Think about it carefully. You can do this too. You may have a spouse. You may have a dependent. You may have a subscription to “Martha Stewart’s Living.” This is all stuff you can drop if you really, really want to. I can’t tell you how to do it. It’s all situational. What I do know is, life - is - short. If you’re unhappy, stop doing whatever is that’s making you unhappy and make some changes.

Don’t stop right now! This type of thing takes some planning, but with the right preparations you can do whatever the hell you friggin’ want. You can move to the Bahamas. You can be a helicopter pilot. You can start your own porn company. Just keep thinking “This is my life and every day that I am unhappy is a wasted day.” We all have our ups and downs. If you have one or two unhappy days a month, stop reading this babbling, go outside, lie in the grass and laugh until you cry. You are a lucky son-of-a-bitch and all you have to do is keep on keepin’ on. If you are unhappy 28 days a month, it’s time to shake things up. Where is it written that you have to live in misery all because if you dared to make any changes you might mess things up for your family/co-workers/neighborhood association/pee-wee soccer team? Fuck them. Let them have their own epiphanies.
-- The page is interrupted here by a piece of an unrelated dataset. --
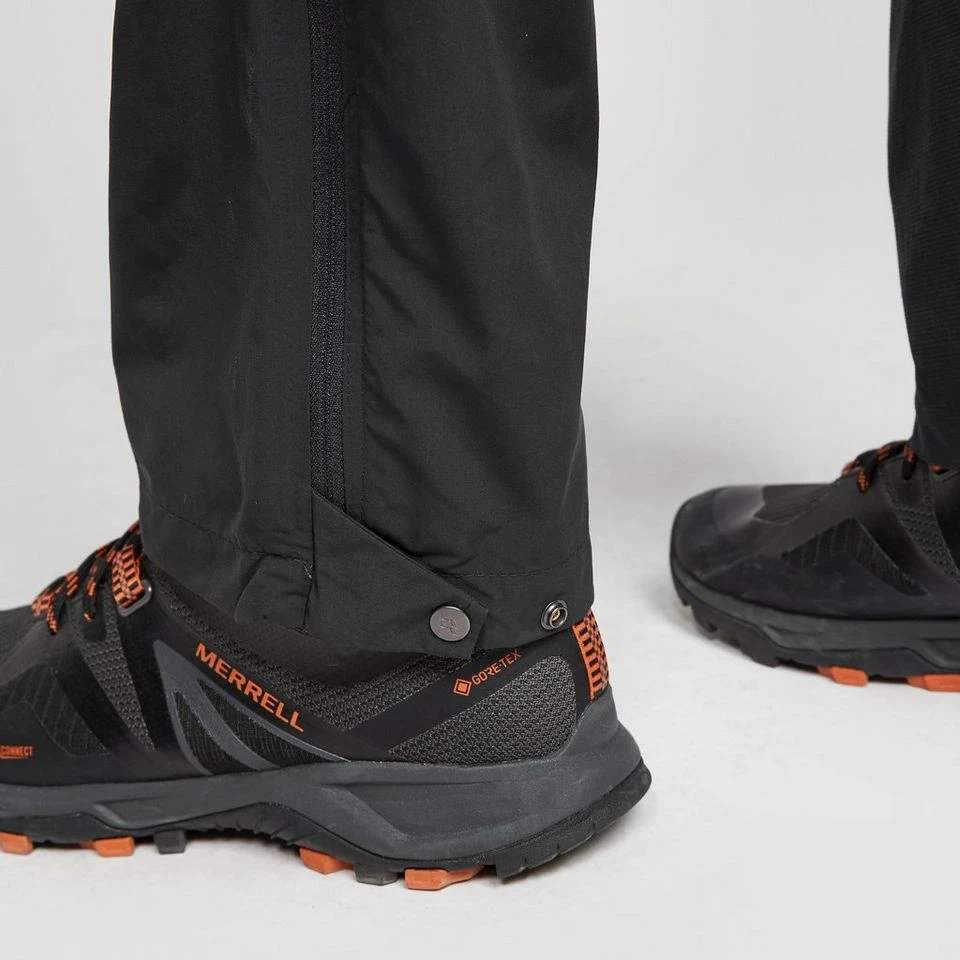 Rab Men’s Magma Light Pants 7 Rab Men’s Magma Light Pants - Image 7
You could have a stroke tomorrow. You could loose your hard-earned life savings in an Enron-related debacle. You could have your dick, or what have you, cut off by a discontented partner and thrown into the bushes from a moving car. Another quote that has haunted me since I “evolved” is from a little film called “Fight Club.” “The things that you own, end up owning you.” Broaden that sentiment out to include all of the perceived responsibilities and living organisms that encompass your intangible prison and that’s what you have to aim for. Buck off the stuff that’s tearing you down. Don’t do it all in the same afternoon, but get it done. Make a schedule no longer than six weeks (I only use that time-frame as it was the amount of time that transpired between the moment I resolved to quit my job, sell everything I owned, make the arrangements, buy the equipment I needed to launch this odyssey and the moment that I got on a goddamn plane destined for Europe. If I can do all that shit in six weeks with my brain firing at only half capacity, so can you).

OK, I just reread the last two paragraphs and this is starting to degenerate into a really bad motivational speech. I f*cking hate those guys. Let me just leave you with this thought: Your freedom is not waiting behind your next raise or your new car or your child’s graduation or your retirement. It’s right in front of you, behind all of the shit that you've piled around it. Start moving things around and reacquaint yourself with your freedom, then when you’re ready, get naked and get intimate with it.